我省略了野心勃勃的洗衣女工与杜·布斯基耶之间的谈话。苏珊从杜·布斯基耶手里敲诈到六百法郎,随后立刻到妇女协会司库格郎松夫人面前,将自己的苦恼和盘托出。格郎松夫人应该有个儿子,他也同样渴望向科尔蒙小姐求婚,这对小说来说是必要的,但是很难说为什么巴尔扎克认为应该阻止迄今为止一直如此简单、直接的故事情节的发展,而让苏珊爱上了忧郁的年轻诗人。实际上,这个错误要比乍一看上去严重得多。因为让苏珊爱上阿塔纳兹的设想,把一个原本是完美的短篇故事变成了一部被意外缩短成短篇故事篇幅的小说了。

巴尔扎克所有作品中从未放弃过展示辉煌的思想表层,而这部小说在这方面尤为突出,《图尔的本堂神甫》在内涵和外在表现上达到了平衡,平衡得甚至没有一句为文章添彩的隽语超出它的背景或限制,或者会使眼睛有片刻的疲劳。下面是其中一些妙语:

每一种新选择都包含着对曾被拒绝对象的蔑视。

世界上的大事往往简单易懂,不难说明,人生的琐碎事儿却需要许多细节才能解释。无论道德观点或政治经济观点,都排斥只消费而不生产的人,都不允许有人在世界上占着一个位置而既不为善也不作恶,因为恶也是一种善,只是后果不立刻显露罢了。

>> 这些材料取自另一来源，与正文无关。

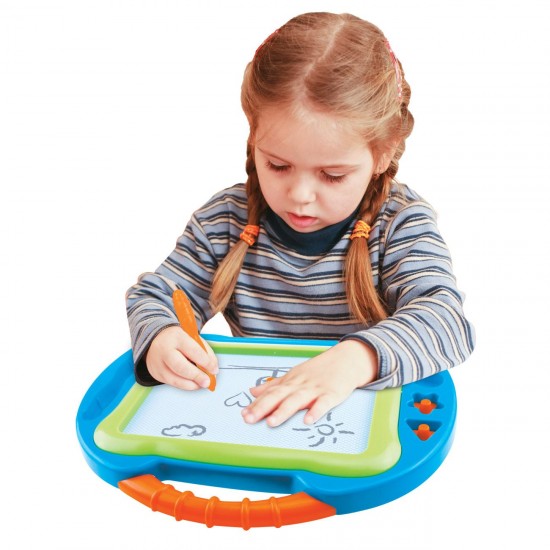 Tabla Magnetica de Desen Verde Rosie 37x28x18cm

在图尔,就像在其他外省生活中一样,嫉妒成为语言的实体。

如果我们总不能知道自己要去何方,我们就总是感到旅途的疲惫。

以上格言可以与拉·封丹的格言相媲美,而它们是从短故事中收集出来的,这个短篇故事和其他故事共同构成了这部《人间喜剧》。